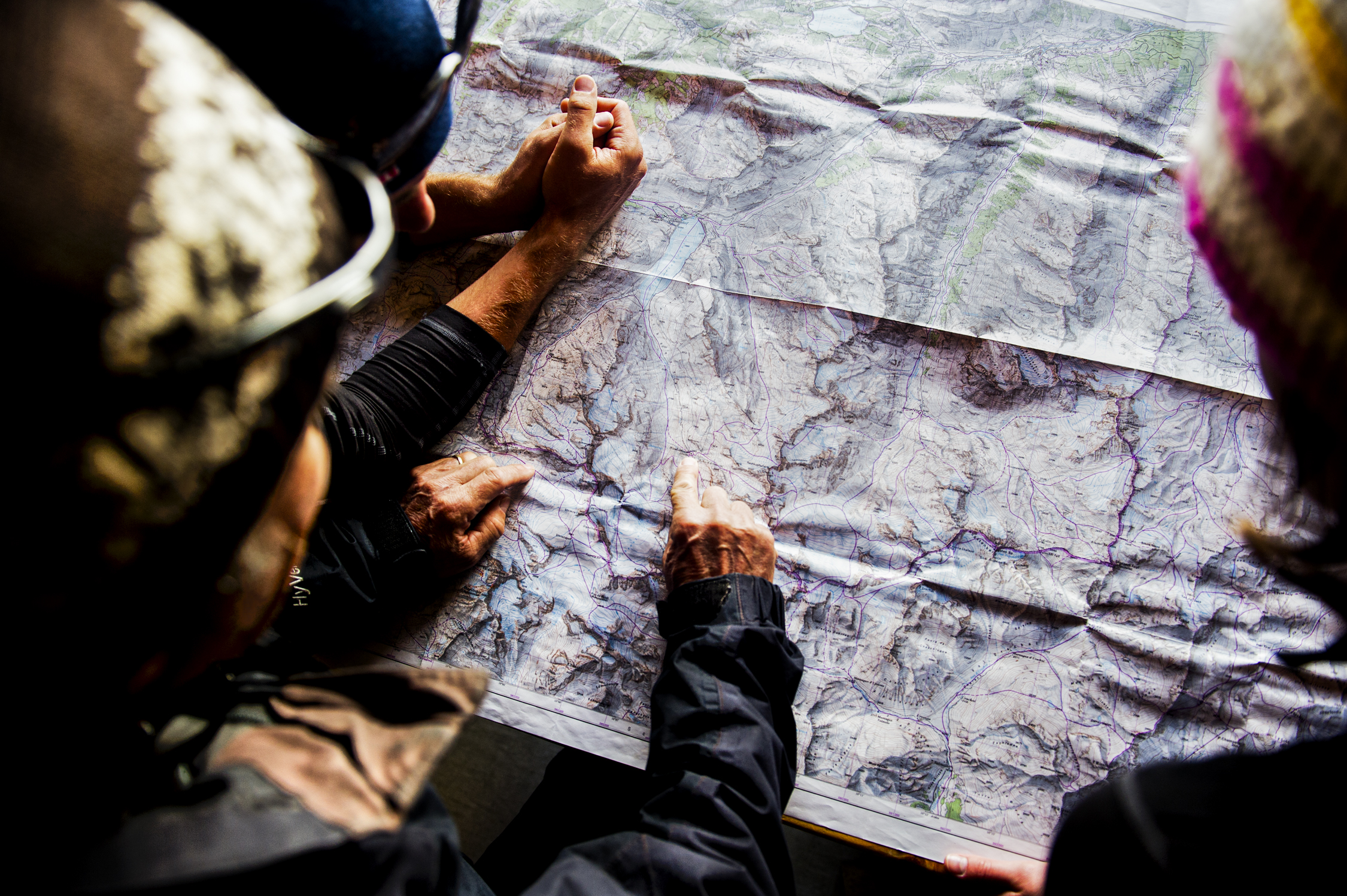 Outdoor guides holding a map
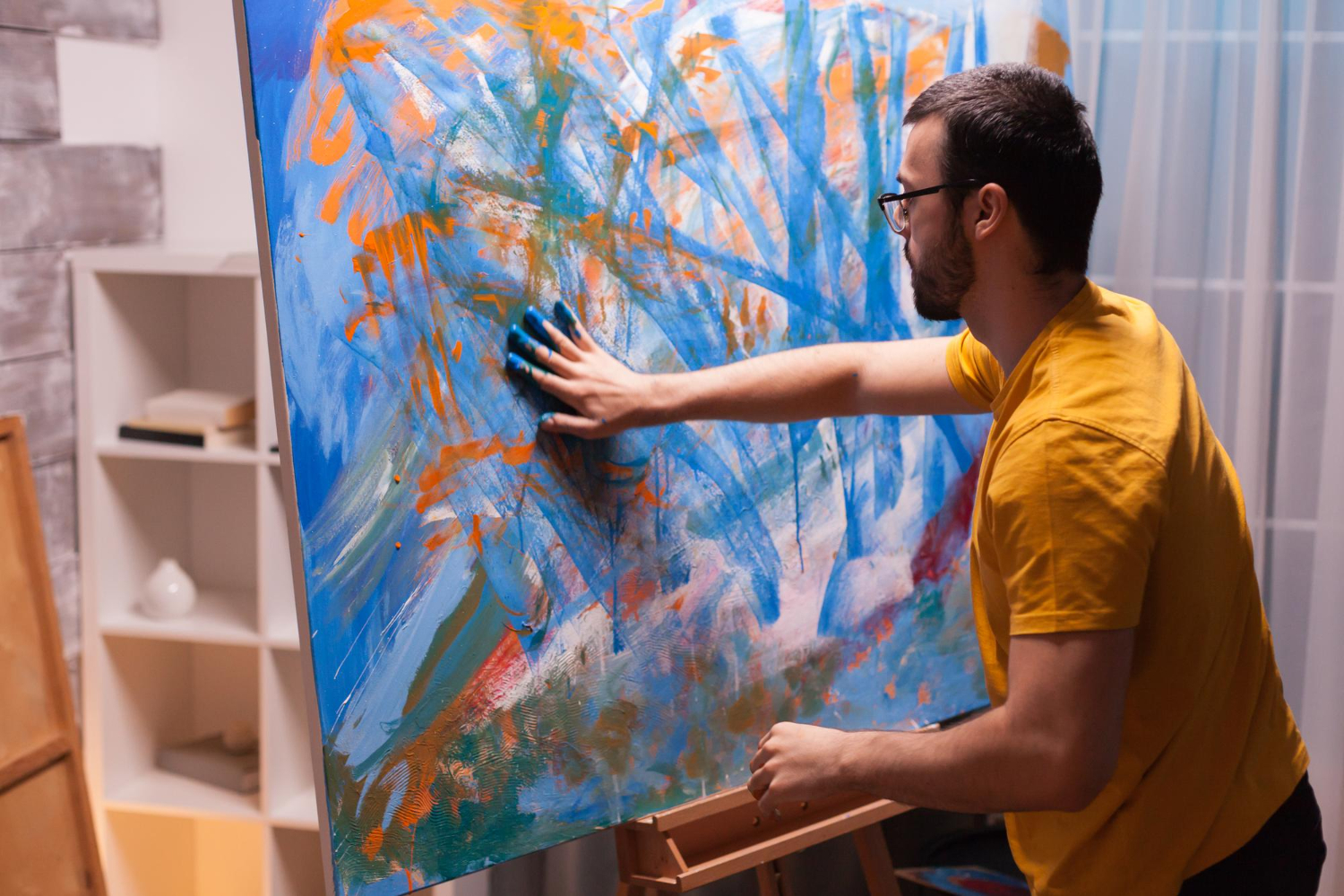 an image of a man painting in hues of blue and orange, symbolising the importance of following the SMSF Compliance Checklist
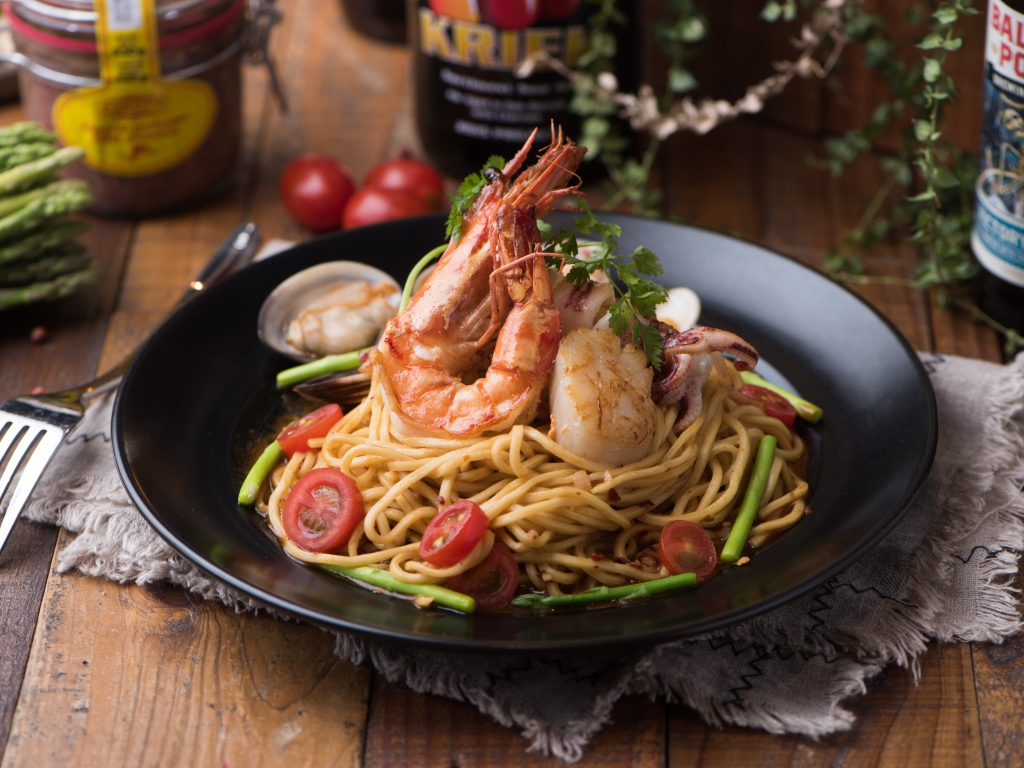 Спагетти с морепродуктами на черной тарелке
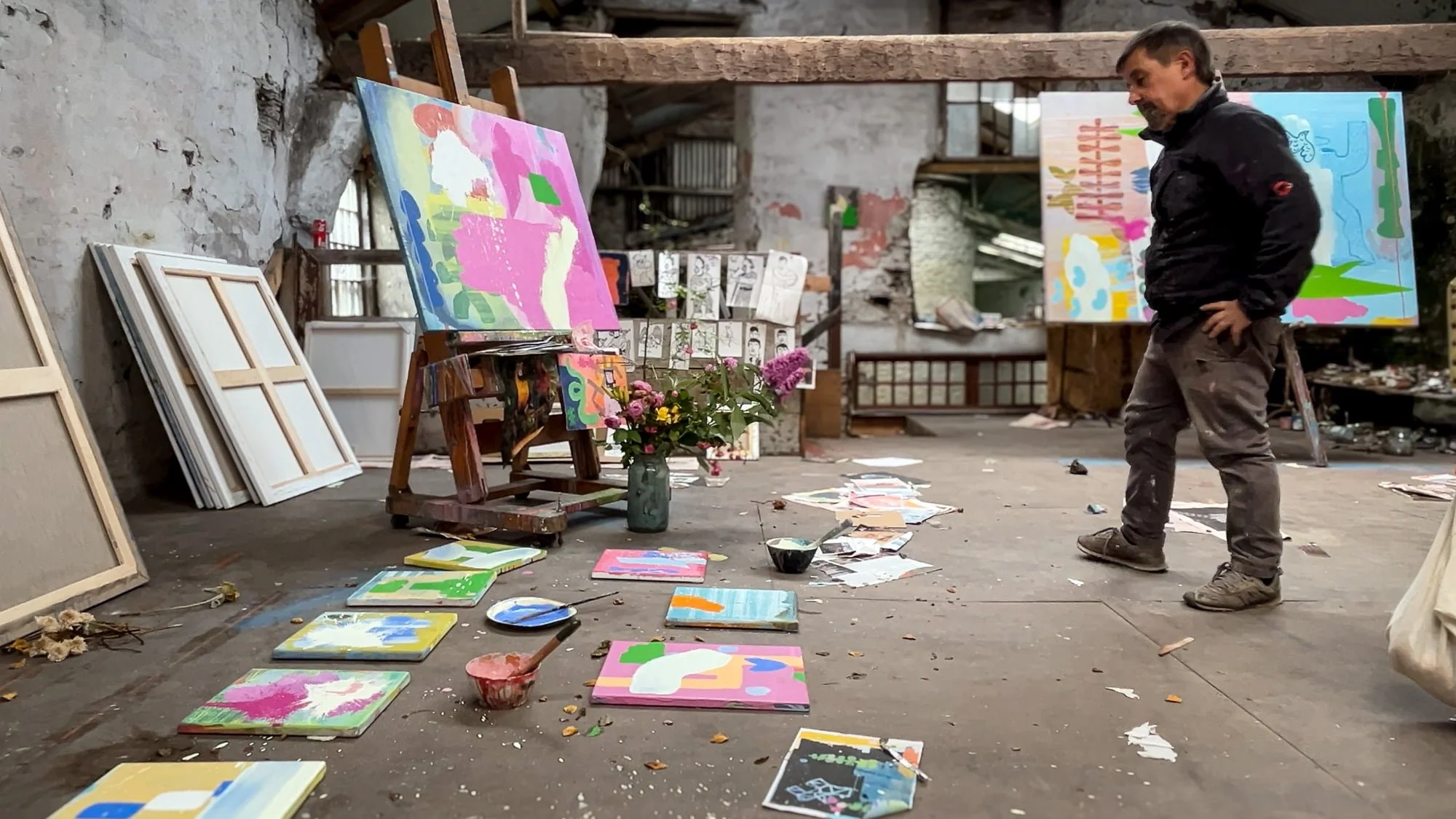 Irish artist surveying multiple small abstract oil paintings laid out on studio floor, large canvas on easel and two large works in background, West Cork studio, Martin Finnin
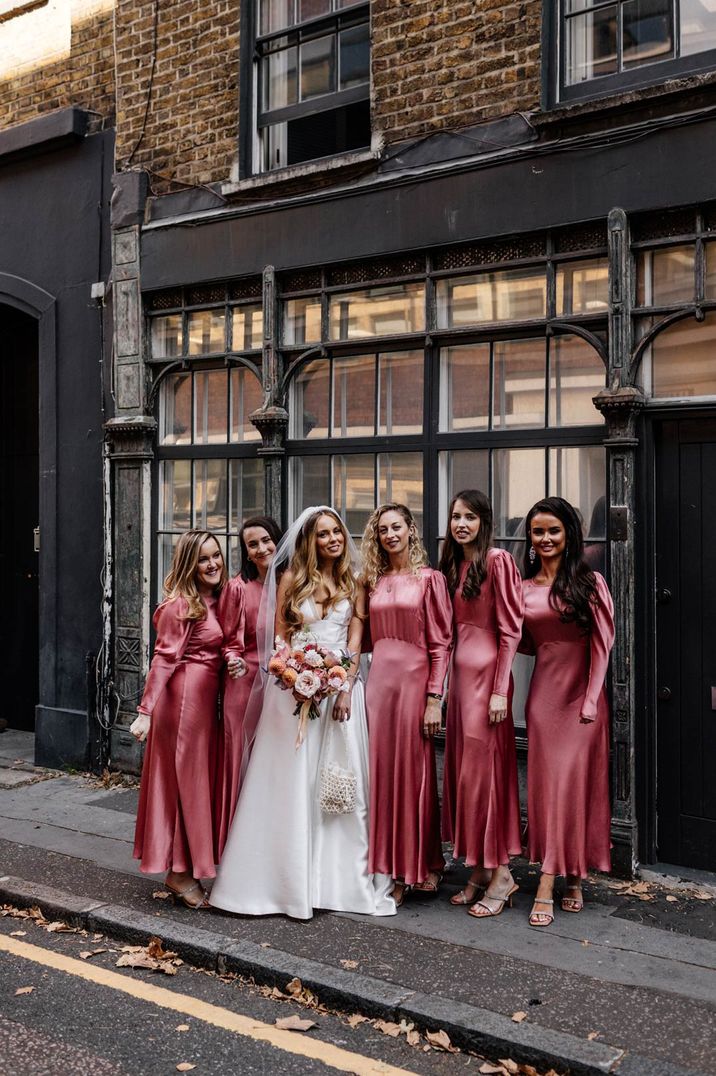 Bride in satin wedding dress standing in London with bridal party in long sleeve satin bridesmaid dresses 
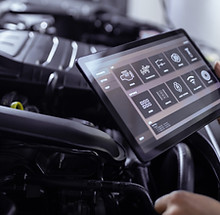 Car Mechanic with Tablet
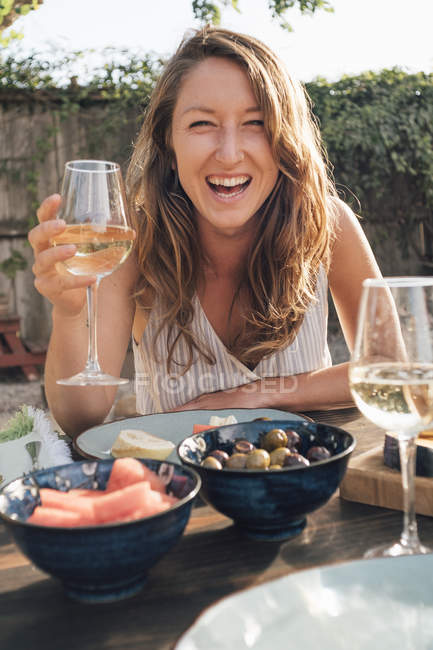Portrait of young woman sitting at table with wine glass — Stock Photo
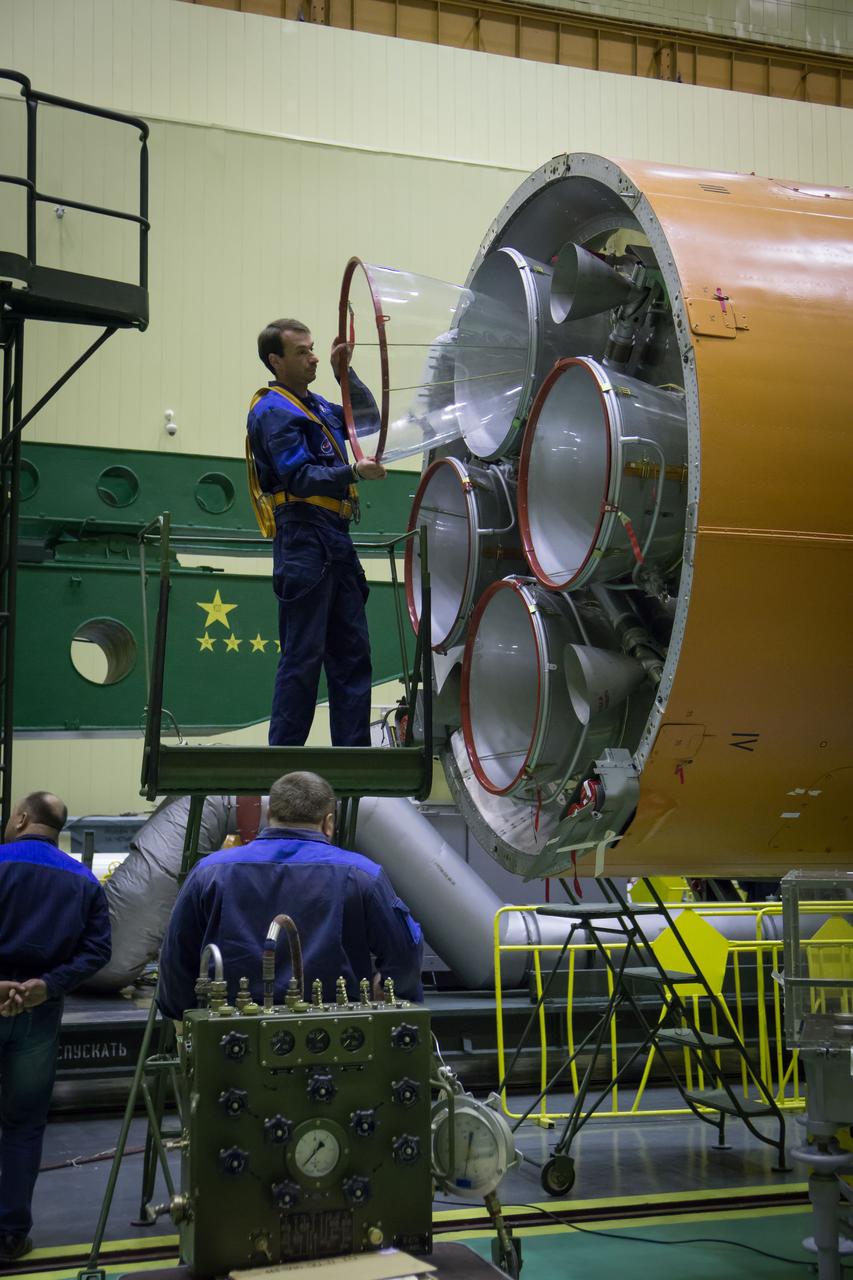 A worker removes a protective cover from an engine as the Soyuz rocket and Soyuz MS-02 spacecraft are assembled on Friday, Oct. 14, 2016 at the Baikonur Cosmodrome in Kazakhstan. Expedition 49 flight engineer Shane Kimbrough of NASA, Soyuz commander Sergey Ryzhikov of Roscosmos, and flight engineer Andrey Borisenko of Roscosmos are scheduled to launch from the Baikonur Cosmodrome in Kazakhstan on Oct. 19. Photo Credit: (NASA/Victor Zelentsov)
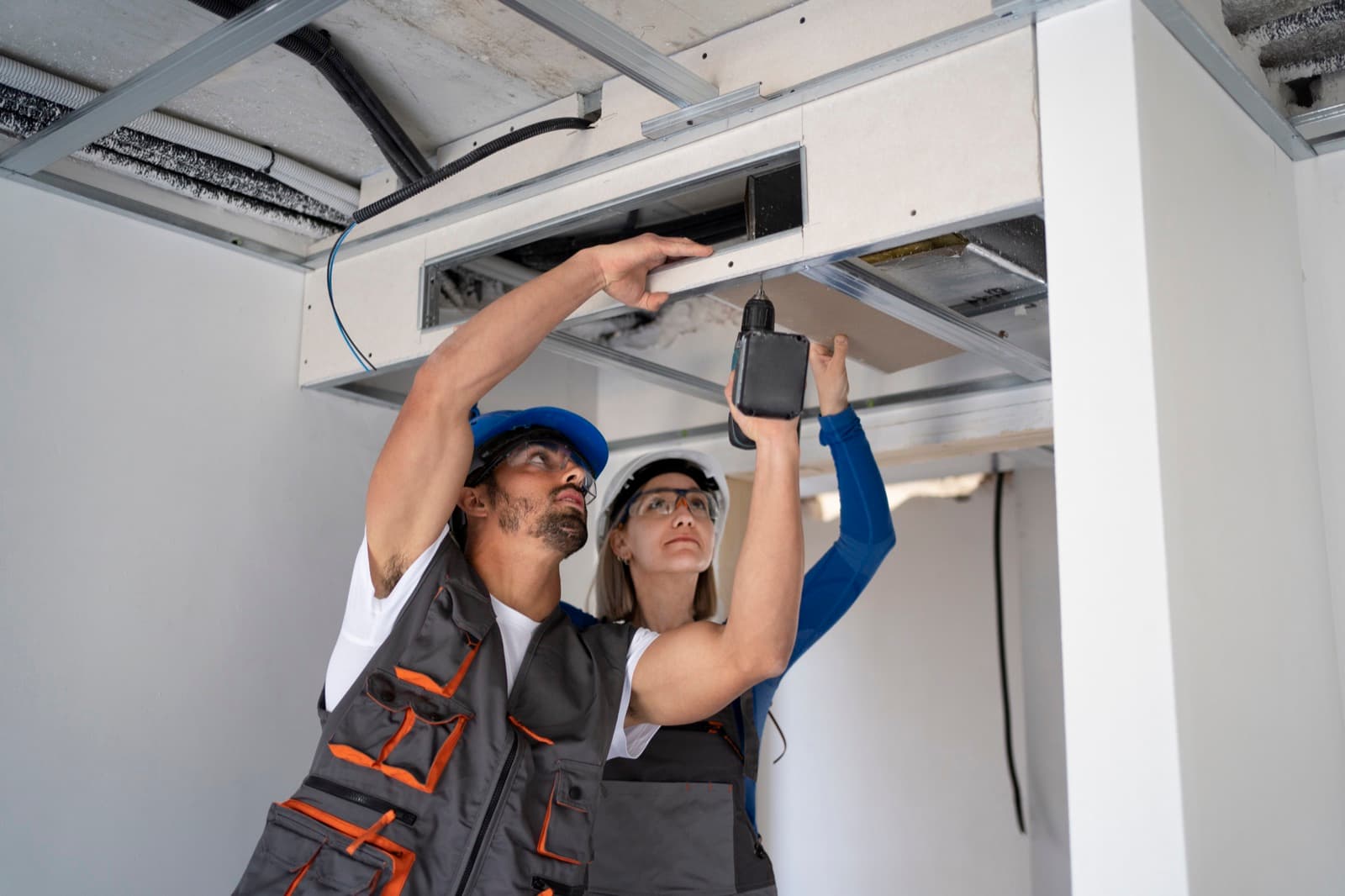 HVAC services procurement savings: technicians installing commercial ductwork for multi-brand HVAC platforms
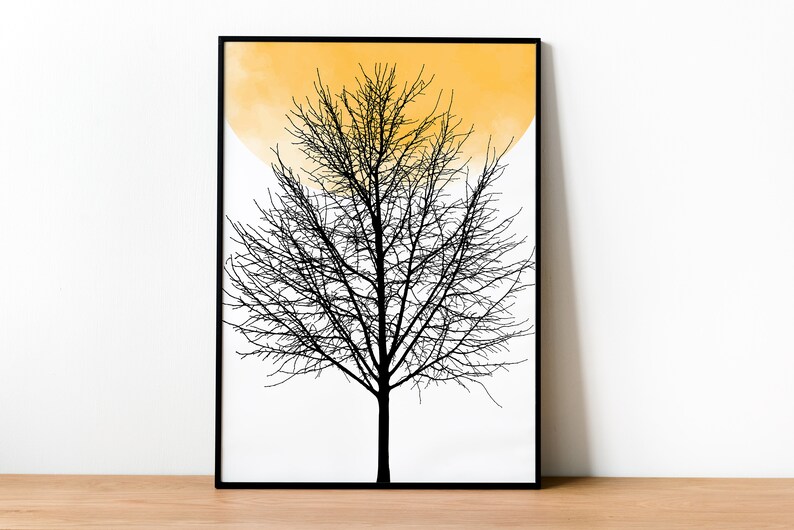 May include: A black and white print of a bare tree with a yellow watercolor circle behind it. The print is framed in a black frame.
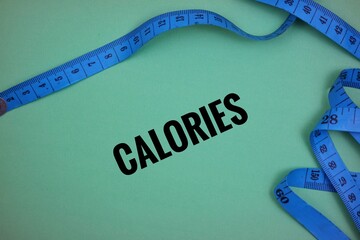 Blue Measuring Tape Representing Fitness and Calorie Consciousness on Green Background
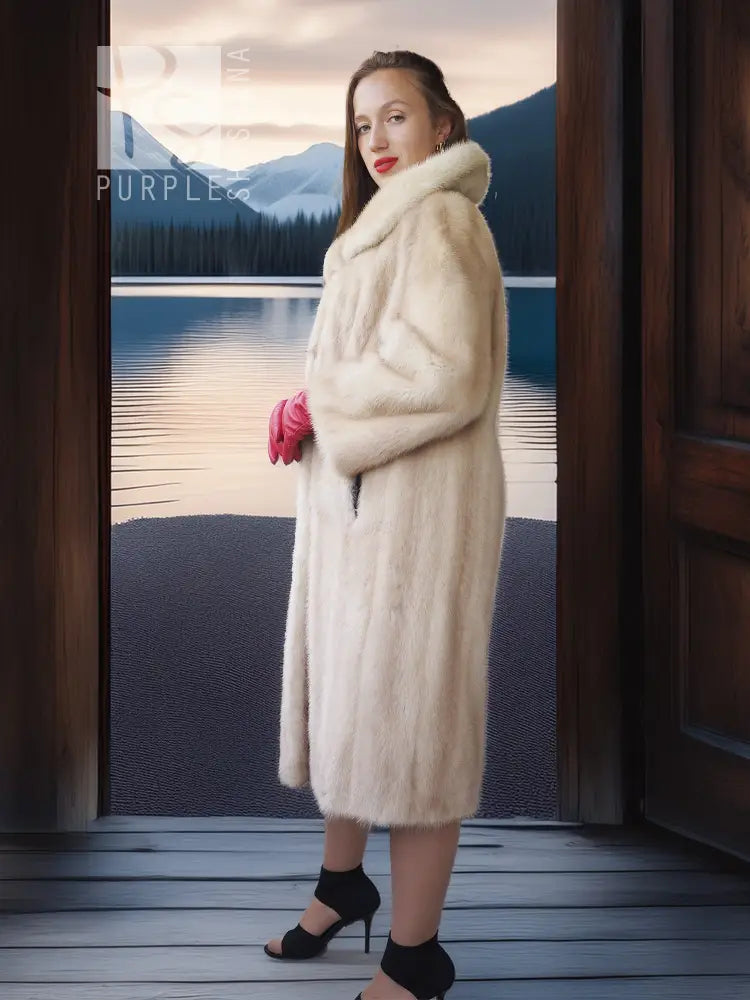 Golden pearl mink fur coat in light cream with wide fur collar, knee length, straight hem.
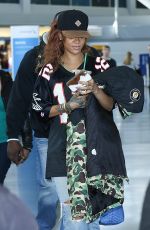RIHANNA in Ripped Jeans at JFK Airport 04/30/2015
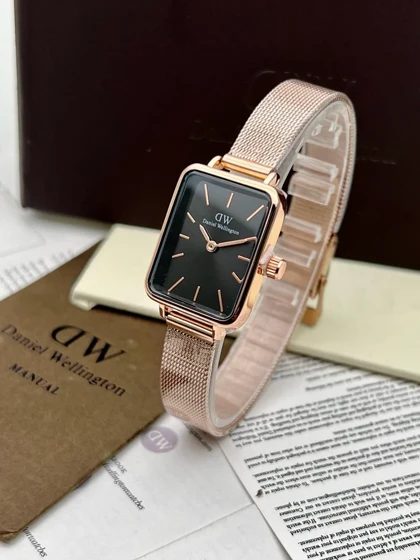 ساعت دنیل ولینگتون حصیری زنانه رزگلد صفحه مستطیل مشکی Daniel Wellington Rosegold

────────

◆ **TASK GOAL**
Copy out every line of the data exactly, leaving the images behind.

◆ **RESPONSE AREA**
 Outdoor guides holding a map
 an image of a man painting in hues of blue and orange, symbolising the importance of following the SMSF Compliance Checklist
 Спагетти с морепродуктами на черной тарелке
 Irish artist surveying multiple small abstract oil paintings laid out on studio floor, large canvas on easel and two large works in background, West Cork studio, Martin Finnin
 Bride in satin wedding dress standing in London with bridal party in long sleeve satin bridesmaid dresses 
 Car Mechanic with Tablet
Portrait of young woman sitting at table with wine glass — Stock Photo
 A worker removes a protective cover from an engine as the Soyuz rocket and Soyuz MS-02 spacecraft are assembled on Friday, Oct. 14, 2016 at the Baikonur Cosmodrome in Kazakhstan. Expedition 49 flight engineer Shane Kimbrough of NASA, Soyuz commander Sergey Ryzhikov of Roscosmos, and flight engineer Andrey Borisenko of Roscosmos are scheduled to launch from the Baikonur Cosmodrome in Kazakhstan on Oct. 19. Photo Credit: (NASA/Victor Zelentsov)
 HVAC services procurement savings: technicians installing commercial ductwork for multi-brand HVAC platforms
 May include: A black and white print of a bare tree with a yellow watercolor circle behind it. The print is framed in a black frame.
 Blue Measuring Tape Representing Fitness and Calorie Consciousness on Green Background
 Golden pearl mink fur coat in light cream with wide fur collar, knee length, straight hem.
RIHANNA in Ripped Jeans at JFK Airport 04/30/2015
 ساعت دنیل ولینگتون حصیری زنانه رزگلد صفحه مستطیل مشکی Daniel Wellington Rosegold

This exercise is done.